Three levels of eval-pass
Eval-pass is not a single bar; it is three increasingly demanding levels. A mature AI project knows which level it is reporting against and does not conflate them.
Level 1: bench-pass. The system passes the test set in a controlled run. Sample size is the test set, conditions are the test conditions, traffic is synthetic. This level is necessary and not sufficient. It is what most teams call “the agent passes eval” and it is the lowest level. We argue the case-study analog of this in the case studies eval scores piece.
Level 2: traffic-pass. The system passes against production traffic in shadow or canary mode, at a sample size that is statistically meaningful. Threshold holds across the distribution of real customer inputs, not just the curated test set. This is the level a sponsor should require before a feature is reported as “shipped at threshold.”
Level 3: cost-and-traffic-pass. The system passes at production traffic and threshold and at a unit cost the product economics can absorb. A system that passes at threshold but breaks the gross margin of the product is not a success; it is a quality target met at an indefensible price.
The QBR template should report which level each named feature is at, not just whether it has shipped. A feature at Level 1 is in pilot. A feature at Level 2 is in production. A feature at Level 3 is producing the unit economics the project was funded for. The three levels are the difference between a real success metric and a metric that pretends to be one.
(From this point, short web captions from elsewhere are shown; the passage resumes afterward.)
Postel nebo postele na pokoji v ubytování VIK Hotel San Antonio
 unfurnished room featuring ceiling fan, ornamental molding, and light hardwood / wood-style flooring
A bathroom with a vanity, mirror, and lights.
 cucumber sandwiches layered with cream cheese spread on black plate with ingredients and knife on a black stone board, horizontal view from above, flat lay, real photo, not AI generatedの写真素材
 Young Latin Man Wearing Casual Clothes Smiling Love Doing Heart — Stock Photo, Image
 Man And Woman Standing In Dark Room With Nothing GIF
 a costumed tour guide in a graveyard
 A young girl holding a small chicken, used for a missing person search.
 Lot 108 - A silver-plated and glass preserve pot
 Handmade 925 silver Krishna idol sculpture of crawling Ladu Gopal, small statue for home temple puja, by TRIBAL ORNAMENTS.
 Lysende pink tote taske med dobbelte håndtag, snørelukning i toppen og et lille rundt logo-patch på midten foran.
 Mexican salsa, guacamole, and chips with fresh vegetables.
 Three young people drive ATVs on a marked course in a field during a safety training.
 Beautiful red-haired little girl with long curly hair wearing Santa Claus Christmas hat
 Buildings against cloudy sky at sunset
How to swap the metric without losing operational rhythm
Engineering teams are not opposed to outcome metrics in principle. They are opposed to losing the operational rhythm that feature-level tracking provides; the daily and weekly cadence that makes work legible to the people doing it. The swap has to preserve the rhythm.
Three moves make the swap work in practice.
Move 1: keep feature-level tracking as a sub-metric, not a headline. Engineering still tracks features in the issue tracker; the team still uses the sprint cadence; the daily standup still surfaces what is in flight. The swap is at the QBR layer and the board memo layer, not at the engineering ticket layer. Feature counts move from the headline page to the appendix.
Move 2: introduce eval delta as the weekly engineering signal. Once a week, the eval suite runs against the locked threshold and the delta is reported alongside the burndown. Teams that track eval delta weekly stop being surprised by quarter-end eval reports because the weekly signal makes the trajectory visible. The eval delta is the team’s leading indicator; the feature count is the lagging activity log.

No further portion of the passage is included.